10.1182/blood.v85.8.2045.bloodjournal8582045 ◽

1995 ◽

Vol 85 (8) ◽

pp. 2045-2051 ◽

Cited By ~ 39

Author(s):

TH Winkler ◽

F Melchers ◽

AG Rolink

Keyword(s):

Bone Marrow ◽

Growth Factors ◽

B Cells ◽

B Cell ◽

Light Chain ◽

Stromal Cells ◽

Fetal Liver ◽

Surrogate Light Chain ◽

Interleukin 7 ◽

Precursor B Cells

Clones and lines of precursor (pre) B cells can be established by limiting dilutions of unseparated cell suspensions of fetal liver or bone marrow on stromal cells in the presence of interleukin (IL)-7. When IL-3 is used instead of IL-7, cultures are regularly overgrown by different precursor cells of the myeloid lineage, as well as by adherent cells that inhibit pre-B-cell expansion. However, in the presence of either IL-7 or IL-3, clones of pre-B cells can be established on stroma cells at frequencies near one in one when the cultures are initiated with cell sorter purified CD45RO (B220)+/c-kit+ fetal liver or bone marrow derived pre-B cells. Clones grown on stromal cells in the presence of IL-7 can be regrown in IL-3, and vice versa.
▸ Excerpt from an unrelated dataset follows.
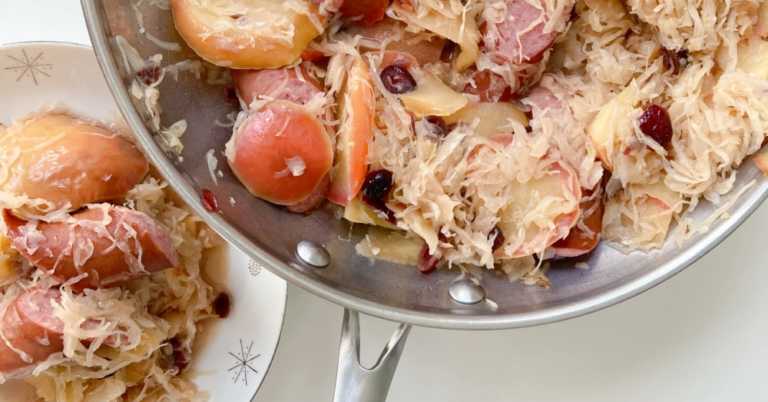 Apple Cranberry Sauerkraut Skillet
Pre-B cells that proliferate on stromal cells in the presence of IL-7 or IL-3 have the same phenotype, ie, are B220+ c-kit+, CD43+, and surrogate light chain+. Removal of the growth factors (IL-7, respectively IL-3) from the cultures results in differentiation to surface immunoglobulin (slg) positive, c-kit-, CD43-, surrogate light chain-B cells, a fraction of which is lipopolysaccharide (LPS) responsive as shown by IgM secretion. These results show that IL-7 and IL-3 stimulate largely overlapping populations of precursor B cells from bone marrow to proliferate for long periods of time in the presence of stromal cells. Thus, IL-7 and IL-3 are alternative growth factors for the same pre-BI cell.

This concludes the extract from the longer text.